**RECORDS SUPPLIED**.
=== Section Start ===
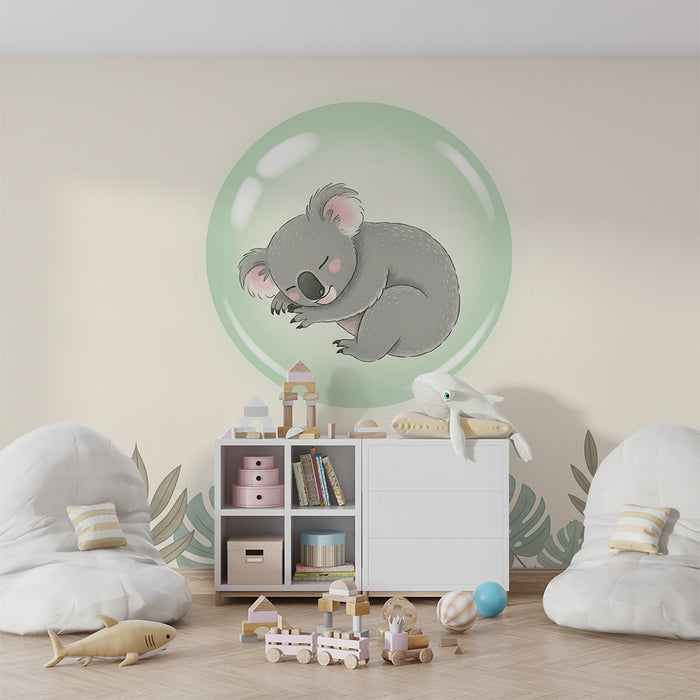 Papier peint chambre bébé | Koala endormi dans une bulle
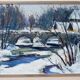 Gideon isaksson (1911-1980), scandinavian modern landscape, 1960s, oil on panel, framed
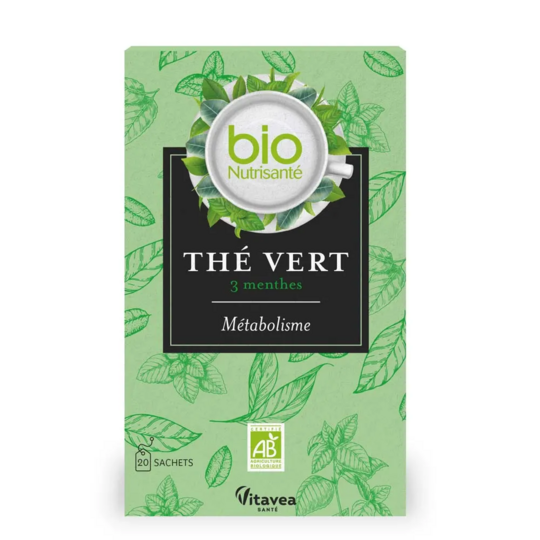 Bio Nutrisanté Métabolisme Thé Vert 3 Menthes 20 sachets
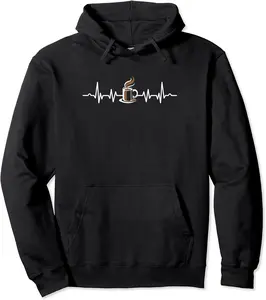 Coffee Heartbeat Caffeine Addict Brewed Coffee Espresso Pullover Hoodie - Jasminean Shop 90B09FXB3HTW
=== Section End ===
=== Section Start ===
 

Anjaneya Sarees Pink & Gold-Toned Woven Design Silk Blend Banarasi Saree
=== Section End ===
=== Section Start ===
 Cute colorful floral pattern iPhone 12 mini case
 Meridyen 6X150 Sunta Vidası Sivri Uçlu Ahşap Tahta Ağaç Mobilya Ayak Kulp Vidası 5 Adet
=== Section End ===
Above are records with pictures. Reproduce exactly only the lines from the line with "Papier peint chambre" through the line with "Coffee Heartbeat Caffeine", both ends included, and leave the pictures out.

 Papier peint chambre bébé | Koala endormi dans une bulle
 Gideon isaksson (1911-1980), scandinavian modern landscape, 1960s, oil on panel, framed
 Bio Nutrisanté Métabolisme Thé Vert 3 Menthes 20 sachets
 Coffee Heartbeat Caffeine Addict Brewed Coffee Espresso Pullover Hoodie - Jasminean Shop 90B09FXB3HTW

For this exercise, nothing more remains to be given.